ASSIGNMENT. Exactly and in full, give the records again.
=== SOURCE DATA ===
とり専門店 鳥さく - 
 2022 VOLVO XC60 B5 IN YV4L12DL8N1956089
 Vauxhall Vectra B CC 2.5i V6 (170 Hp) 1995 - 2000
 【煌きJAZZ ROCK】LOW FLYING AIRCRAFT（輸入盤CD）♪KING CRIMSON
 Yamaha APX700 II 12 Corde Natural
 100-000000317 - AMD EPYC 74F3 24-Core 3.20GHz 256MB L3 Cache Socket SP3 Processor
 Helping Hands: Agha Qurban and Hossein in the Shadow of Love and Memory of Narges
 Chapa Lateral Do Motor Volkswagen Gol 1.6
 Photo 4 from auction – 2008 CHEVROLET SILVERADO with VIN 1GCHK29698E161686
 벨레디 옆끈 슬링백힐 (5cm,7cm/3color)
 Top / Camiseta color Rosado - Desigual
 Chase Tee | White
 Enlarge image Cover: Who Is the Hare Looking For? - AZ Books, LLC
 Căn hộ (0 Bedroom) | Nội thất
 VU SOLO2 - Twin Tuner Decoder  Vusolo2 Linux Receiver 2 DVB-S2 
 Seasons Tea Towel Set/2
===
OUTPUT OF THE EXERCISE.
とり専門店 鳥さく - 
 2022 VOLVO XC60 B5 IN YV4L12DL8N1956089
 Vauxhall Vectra B CC 2.5i V6 (170 Hp) 1995 - 2000
 【煌きJAZZ ROCK】LOW FLYING AIRCRAFT（輸入盤CD）♪KING CRIMSON
 Yamaha APX700 II 12 Corde Natural
 100-000000317 - AMD EPYC 74F3 24-Core 3.20GHz 256MB L3 Cache Socket SP3 Processor
 Helping Hands: Agha Qurban and Hossein in the Shadow of Love and Memory of Narges
 Chapa Lateral Do Motor Volkswagen Gol 1.6
 Photo 4 from auction – 2008 CHEVROLET SILVERADO with VIN 1GCHK29698E161686
 벨레디 옆끈 슬링백힐 (5cm,7cm/3color)
 Top / Camiseta color Rosado - Desigual
 Chase Tee | White
 Enlarge image Cover: Who Is the Hare Looking For? - AZ Books, LLC
 Căn hộ (0 Bedroom) | Nội thất
 VU SOLO2 - Twin Tuner Decoder  Vusolo2 Linux Receiver 2 DVB-S2 
 Seasons Tea Towel Set/2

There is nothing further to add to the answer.